Simple prétexte politicien pour, d’une part, tenter de prendre de vitesse le Gouvernement, qui, sur le fond, a engagé avec l’ensemble des forces sociales une concertation sur les réponses à apporter au problème de la répartition - M. le ministre nous l’a rappelé ce matin - et, d’autre part, donner l’écho aux propos tenus par Jacques Chirac lors de son allocution du 14 juillet ou, plus récemment, devant la Fédération internationale des personnes âgées, exhortant le Gouvernement à faire des choix de société concernant les retraites.
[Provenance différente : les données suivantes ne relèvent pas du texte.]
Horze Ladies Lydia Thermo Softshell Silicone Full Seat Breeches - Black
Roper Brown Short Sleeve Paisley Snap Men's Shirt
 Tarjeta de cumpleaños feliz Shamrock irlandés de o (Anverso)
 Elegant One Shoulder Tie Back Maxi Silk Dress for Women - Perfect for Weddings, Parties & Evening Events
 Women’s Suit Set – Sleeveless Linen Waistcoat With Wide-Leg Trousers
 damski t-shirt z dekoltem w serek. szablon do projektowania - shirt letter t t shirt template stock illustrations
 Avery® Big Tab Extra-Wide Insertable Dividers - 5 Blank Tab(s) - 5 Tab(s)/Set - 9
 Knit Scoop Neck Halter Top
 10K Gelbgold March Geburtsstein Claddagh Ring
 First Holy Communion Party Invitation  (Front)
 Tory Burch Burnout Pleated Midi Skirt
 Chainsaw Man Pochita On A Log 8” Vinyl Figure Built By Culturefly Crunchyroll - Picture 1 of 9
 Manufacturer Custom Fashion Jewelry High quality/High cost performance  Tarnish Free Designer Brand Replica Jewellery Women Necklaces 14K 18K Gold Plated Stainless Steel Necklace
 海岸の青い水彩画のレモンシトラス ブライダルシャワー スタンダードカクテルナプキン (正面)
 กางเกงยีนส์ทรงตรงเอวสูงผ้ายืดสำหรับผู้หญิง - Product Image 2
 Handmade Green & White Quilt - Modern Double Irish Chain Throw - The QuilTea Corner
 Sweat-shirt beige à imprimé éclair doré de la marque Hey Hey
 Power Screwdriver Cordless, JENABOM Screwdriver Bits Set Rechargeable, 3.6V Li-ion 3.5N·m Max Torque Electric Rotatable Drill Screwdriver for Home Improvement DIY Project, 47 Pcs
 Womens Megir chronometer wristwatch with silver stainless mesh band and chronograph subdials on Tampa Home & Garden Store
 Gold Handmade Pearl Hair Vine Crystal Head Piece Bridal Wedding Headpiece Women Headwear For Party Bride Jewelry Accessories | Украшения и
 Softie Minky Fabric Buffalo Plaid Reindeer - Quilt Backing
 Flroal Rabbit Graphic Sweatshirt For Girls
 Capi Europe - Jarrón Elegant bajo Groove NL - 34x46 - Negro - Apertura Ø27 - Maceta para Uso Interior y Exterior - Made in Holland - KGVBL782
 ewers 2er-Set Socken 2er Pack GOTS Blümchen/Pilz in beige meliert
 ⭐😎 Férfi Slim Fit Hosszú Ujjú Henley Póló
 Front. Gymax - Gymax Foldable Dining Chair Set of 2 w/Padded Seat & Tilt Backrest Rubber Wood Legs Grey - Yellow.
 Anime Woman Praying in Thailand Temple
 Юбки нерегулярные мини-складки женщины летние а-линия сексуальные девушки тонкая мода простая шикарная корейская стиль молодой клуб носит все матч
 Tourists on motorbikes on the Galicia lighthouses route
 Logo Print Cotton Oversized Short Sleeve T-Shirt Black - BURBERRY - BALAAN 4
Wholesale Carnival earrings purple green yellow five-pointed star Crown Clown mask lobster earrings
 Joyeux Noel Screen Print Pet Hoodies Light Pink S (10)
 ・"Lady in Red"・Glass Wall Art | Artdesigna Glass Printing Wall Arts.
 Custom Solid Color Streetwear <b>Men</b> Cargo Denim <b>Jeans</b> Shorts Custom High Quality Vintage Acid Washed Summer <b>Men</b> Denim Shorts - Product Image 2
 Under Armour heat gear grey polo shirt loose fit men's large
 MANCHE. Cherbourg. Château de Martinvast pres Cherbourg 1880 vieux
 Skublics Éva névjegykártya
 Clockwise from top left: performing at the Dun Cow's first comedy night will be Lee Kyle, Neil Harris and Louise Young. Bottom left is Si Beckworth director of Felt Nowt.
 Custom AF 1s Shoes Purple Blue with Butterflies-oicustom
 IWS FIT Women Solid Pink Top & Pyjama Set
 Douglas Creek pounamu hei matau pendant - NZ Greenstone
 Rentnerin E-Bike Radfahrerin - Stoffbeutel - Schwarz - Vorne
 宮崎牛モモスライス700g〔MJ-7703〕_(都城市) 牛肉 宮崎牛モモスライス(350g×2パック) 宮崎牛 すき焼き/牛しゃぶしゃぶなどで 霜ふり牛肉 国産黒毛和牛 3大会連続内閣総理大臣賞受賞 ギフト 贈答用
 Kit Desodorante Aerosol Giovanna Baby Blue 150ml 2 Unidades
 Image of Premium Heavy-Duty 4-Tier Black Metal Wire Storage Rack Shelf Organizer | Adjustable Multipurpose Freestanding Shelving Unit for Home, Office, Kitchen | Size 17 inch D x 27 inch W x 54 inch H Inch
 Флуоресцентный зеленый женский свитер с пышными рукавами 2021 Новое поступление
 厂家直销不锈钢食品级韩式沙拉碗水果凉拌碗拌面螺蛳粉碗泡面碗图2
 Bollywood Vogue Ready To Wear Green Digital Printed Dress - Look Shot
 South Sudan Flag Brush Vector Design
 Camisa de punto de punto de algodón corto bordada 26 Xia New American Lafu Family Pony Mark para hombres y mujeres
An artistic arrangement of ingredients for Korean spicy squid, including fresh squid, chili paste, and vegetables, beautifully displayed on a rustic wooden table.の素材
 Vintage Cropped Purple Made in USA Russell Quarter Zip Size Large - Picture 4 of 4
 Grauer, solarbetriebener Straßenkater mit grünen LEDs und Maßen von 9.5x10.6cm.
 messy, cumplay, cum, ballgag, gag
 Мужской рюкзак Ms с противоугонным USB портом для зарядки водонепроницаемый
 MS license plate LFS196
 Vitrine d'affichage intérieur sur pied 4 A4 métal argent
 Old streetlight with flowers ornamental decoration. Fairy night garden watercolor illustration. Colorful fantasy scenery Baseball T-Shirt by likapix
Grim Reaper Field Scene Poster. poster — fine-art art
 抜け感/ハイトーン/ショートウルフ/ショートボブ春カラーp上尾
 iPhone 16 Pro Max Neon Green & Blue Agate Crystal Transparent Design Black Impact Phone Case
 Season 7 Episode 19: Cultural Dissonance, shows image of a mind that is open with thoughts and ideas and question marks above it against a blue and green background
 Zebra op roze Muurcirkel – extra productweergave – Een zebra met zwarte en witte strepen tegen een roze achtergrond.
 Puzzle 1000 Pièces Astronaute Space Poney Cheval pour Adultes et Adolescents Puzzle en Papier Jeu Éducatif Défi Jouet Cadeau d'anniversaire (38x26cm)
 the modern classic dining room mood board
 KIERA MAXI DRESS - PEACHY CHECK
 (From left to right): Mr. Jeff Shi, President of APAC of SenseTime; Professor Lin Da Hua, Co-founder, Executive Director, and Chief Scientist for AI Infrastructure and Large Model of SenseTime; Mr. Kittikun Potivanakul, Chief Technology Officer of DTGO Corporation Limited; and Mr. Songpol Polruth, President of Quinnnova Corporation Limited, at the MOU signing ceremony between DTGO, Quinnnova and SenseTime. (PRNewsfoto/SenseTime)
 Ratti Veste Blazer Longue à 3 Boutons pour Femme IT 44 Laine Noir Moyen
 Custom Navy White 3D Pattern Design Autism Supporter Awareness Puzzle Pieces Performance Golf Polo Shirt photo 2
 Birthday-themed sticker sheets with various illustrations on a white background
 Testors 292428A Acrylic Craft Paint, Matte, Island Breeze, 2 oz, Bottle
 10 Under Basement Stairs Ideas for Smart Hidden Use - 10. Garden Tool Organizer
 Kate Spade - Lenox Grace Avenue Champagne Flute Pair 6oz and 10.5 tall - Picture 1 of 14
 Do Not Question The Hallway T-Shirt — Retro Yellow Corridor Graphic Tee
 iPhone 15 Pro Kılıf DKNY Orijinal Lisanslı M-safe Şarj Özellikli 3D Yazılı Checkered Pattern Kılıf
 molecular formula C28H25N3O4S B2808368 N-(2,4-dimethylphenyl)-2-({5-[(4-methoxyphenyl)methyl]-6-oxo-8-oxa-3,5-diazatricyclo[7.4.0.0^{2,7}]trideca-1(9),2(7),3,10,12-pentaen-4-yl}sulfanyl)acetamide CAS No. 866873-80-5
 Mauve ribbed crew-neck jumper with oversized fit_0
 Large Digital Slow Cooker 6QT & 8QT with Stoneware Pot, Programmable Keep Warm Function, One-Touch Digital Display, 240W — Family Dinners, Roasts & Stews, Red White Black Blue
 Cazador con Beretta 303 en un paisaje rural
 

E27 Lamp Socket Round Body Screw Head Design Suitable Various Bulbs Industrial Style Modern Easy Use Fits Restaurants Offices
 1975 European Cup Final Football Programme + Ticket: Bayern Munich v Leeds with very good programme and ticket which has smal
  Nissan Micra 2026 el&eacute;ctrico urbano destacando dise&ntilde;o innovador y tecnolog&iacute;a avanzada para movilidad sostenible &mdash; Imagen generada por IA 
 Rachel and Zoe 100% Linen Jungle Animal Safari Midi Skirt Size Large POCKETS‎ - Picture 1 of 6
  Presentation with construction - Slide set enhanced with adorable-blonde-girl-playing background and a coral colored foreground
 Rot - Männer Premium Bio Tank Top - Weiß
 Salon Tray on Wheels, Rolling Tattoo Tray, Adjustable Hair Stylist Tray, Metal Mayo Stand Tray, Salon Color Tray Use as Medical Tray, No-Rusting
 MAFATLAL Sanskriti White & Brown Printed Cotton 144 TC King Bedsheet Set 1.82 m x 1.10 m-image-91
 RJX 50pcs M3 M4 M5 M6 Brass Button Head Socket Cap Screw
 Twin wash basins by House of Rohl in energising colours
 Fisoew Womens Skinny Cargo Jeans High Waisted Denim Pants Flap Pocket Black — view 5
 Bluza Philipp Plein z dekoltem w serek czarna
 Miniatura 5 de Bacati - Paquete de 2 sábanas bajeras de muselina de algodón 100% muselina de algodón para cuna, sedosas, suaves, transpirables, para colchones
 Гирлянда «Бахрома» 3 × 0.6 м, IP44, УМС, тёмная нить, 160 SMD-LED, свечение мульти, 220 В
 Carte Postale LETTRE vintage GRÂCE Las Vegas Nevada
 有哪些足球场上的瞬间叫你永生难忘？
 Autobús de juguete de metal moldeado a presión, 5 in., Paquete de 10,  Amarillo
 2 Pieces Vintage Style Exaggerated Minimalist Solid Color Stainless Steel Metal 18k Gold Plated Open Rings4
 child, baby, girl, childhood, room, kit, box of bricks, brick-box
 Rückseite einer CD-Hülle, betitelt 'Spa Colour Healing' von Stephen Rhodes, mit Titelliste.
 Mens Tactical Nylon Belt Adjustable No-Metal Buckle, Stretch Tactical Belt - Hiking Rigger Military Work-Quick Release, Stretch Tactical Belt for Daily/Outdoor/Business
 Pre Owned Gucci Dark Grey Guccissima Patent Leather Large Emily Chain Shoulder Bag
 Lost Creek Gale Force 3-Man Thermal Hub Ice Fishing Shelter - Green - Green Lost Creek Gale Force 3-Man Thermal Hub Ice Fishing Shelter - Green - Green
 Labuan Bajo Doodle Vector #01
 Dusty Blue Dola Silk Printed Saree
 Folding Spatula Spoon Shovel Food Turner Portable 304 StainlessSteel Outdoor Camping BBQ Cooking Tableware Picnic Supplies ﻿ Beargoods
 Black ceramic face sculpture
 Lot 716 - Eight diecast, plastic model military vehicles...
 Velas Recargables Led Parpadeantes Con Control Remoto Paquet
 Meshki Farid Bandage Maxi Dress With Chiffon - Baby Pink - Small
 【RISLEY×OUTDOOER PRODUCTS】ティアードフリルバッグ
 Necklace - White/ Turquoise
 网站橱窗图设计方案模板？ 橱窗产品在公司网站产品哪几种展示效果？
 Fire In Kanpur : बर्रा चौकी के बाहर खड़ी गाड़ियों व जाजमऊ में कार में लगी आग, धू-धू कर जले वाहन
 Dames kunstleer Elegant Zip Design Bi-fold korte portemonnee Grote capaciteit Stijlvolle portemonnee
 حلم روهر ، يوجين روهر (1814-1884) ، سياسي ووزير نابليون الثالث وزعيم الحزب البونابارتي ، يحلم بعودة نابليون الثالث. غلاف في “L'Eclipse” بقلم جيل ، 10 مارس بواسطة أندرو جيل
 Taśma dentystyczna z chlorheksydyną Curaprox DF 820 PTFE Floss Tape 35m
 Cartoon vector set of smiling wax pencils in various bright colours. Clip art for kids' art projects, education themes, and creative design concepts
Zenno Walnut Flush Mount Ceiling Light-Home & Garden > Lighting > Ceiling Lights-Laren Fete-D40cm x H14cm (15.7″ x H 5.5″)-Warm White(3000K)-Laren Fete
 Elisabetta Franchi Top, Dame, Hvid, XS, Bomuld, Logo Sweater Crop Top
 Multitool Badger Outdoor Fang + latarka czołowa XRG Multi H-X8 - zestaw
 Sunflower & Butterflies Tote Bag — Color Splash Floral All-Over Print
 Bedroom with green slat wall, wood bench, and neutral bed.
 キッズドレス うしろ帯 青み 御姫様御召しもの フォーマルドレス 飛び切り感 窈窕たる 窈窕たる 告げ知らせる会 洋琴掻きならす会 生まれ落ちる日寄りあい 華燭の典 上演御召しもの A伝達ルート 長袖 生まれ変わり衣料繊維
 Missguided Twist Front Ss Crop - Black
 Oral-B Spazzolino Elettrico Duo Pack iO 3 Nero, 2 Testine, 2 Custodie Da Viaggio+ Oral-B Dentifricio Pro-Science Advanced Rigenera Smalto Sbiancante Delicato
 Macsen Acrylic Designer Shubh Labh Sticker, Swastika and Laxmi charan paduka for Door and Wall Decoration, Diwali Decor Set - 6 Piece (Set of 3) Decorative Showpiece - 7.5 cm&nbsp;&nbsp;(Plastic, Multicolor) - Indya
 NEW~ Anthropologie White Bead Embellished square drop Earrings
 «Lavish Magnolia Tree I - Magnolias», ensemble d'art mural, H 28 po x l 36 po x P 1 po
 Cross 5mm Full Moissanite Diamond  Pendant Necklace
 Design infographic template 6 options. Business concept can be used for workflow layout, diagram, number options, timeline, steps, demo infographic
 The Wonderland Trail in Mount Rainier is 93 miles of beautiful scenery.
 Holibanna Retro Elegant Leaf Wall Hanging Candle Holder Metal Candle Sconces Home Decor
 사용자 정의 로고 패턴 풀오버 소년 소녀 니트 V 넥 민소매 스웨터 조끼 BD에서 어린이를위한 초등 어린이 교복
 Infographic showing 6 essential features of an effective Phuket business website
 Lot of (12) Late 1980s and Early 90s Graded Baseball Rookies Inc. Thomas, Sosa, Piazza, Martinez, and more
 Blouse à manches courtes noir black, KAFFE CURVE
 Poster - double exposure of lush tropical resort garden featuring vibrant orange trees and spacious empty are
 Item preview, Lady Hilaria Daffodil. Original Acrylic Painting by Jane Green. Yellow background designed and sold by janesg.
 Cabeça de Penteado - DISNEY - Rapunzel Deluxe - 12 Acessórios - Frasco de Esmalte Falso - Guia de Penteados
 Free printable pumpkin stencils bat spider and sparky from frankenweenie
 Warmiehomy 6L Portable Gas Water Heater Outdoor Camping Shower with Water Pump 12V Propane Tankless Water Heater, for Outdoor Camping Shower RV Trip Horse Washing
Si, aujourd’hui, les trois quarts des salariés s’inquiètent quant à l’avenir de nos régimes de retraite, c’est que tous sont très légitimement et profondément attachés au système de la répartition, système solidaire, juste, instauré en 1945 à la suite de la faillite - je vous le rappelle - mes chers collègues - des systèmes de capitalisation et qui, depuis, a largement fait les preuves de son efficacité et de ses vertus en termes de solidarité.

Même si de profondes inégalités perdurent, le revenu moyen des retraités est à peu près égal à celui des salariés. Pour autant, les retraités ne sont pas des nantis ! N’oublions pas qu’à plusieurs reprises ces derniers ont fait les frais de votre politique, messieurs de la droite sénatoriale !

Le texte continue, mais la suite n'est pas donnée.